There are no limits to what girls can achieve – and education is instrumental in teaching them that.
This ambition is no less than every child deserves. But the reality remains a far cry from this. There are still 263 million children out of school worldwide, of whom over half are girls. Girls are more likely than boys to never to go to school, and are at increased risk of drop-out due to child marriage, early pregnancy and violence in and around schools. If schools are to be accessible, safe, and relevant for all children, we must ensure they are so for those most vulnerable, and those most likely to be excluded.
When girls are at school, they should learn the skills they will need to become leaders in their lives, communities, and beyond. For Plan International, the starting point is advocating for gender equality through all facets of education, including curricula, teaching and policies. There are no limits to what girls can achieve – and education is instrumental in teaching them that.

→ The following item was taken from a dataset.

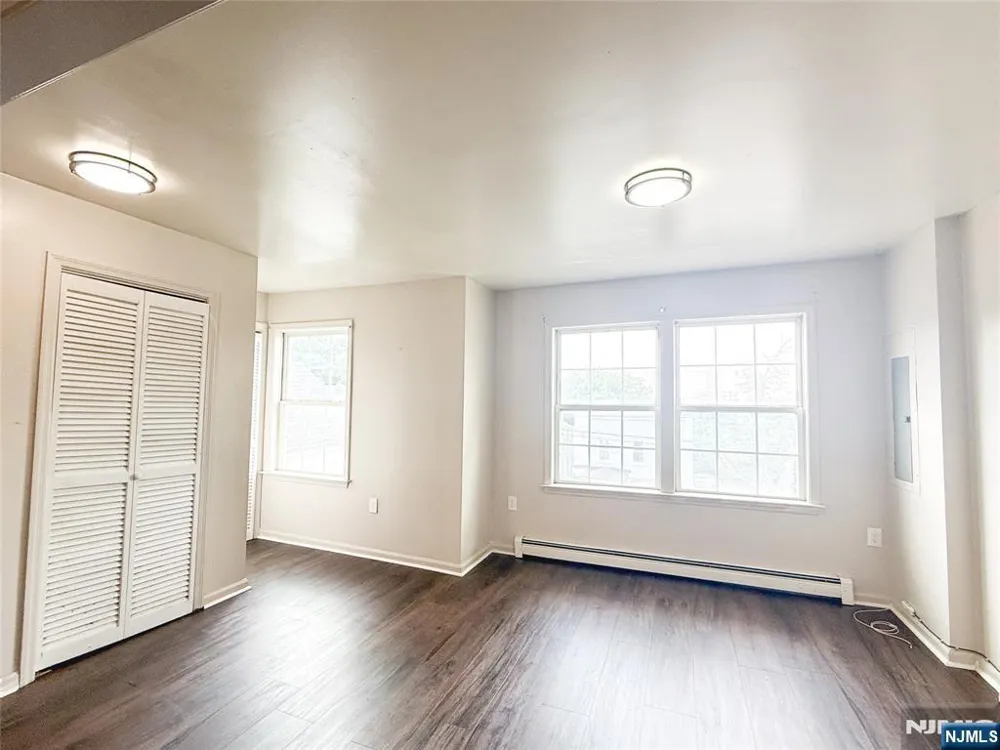 9 3rd Street 7 Paterson, NJ 07522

However, the power education has to further gender equality and encourage girls to lead cannot be realised without significant financial investments.

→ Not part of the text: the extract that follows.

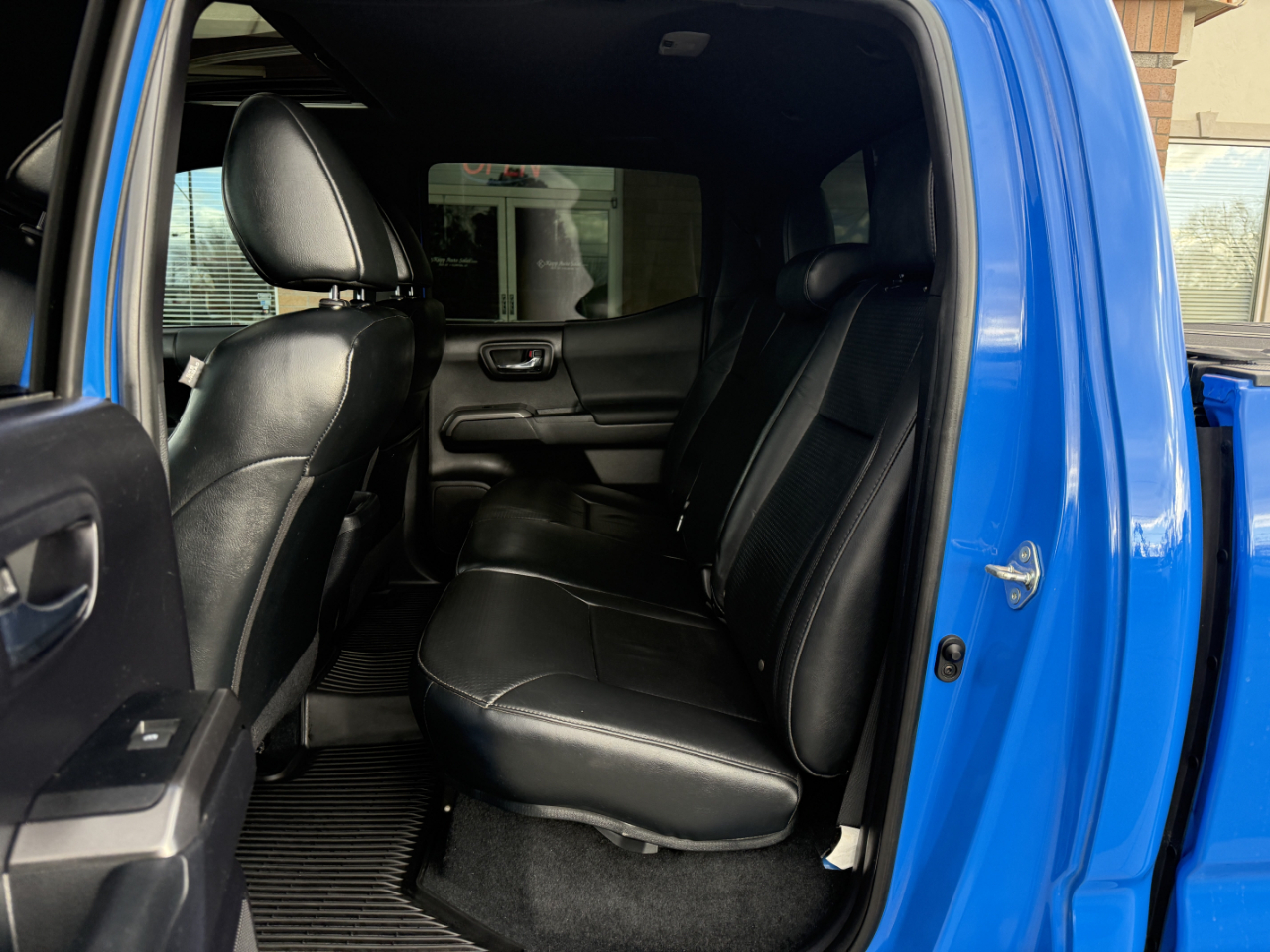 Toyota Tacoma 4WD TRD Off Road Double Cab 6' Bed V6 AT (Natl) 2020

FINANCING GLOBAL EDUCATION
The International Commission on Financing Global Education Opportunity last year calculated that funding for education must rise from $1.2 trillion today to $3 trillion in 2030. This financing must come from a number of sources.
Firstly, all governments, including those in developing countries, need to put more money into their national education systems – ensuring at least 20% of the national budget, or 6% of GDP, goes towards education. Increased financing must go to those most likely to be out of school, and towards basic education. Financing should also be gender-responsive, with an emphasis on inclusive education.
Secondly, donor governments need to increase the percentage of their overseas development assistance earmarked for education, to 15% of the budget. Donor governments also need to ensure that development assistance prioritises basic education and targets equity measures.
INCREASED FUNDING IS WITHIN REACH
The good news is that we have a real opportunity to achieve many of these outcomes. The Global Partnership for Education Financing Conference taking place in February 2018 is a critical opportunity for states, NGOs and private partners to step up and make significant financial commitments for education for the next 4 years.
Now is the time to put pressure on governments to ensure their commitments are substantial – and we have less than 3 months to ensure our voices are heard.
Plan International is part of a global education coalition alongside several partner organisations that has launched a set of 10 asks for developing country governments (PDF) around education financing. We are also running national campaigns in Uganda, Senegal, Pakistan and the Philippines to call on those governments to increase their investment in girls’ education, and address the barriers standing in between girls and a quality education.
We ask a lot of our education systems – and rightly so. But you get out what you put in. So we need all partners to make the highest commitment to financing education so every child can access a free, inclusive, quality education, to become the leaders of tomorrow.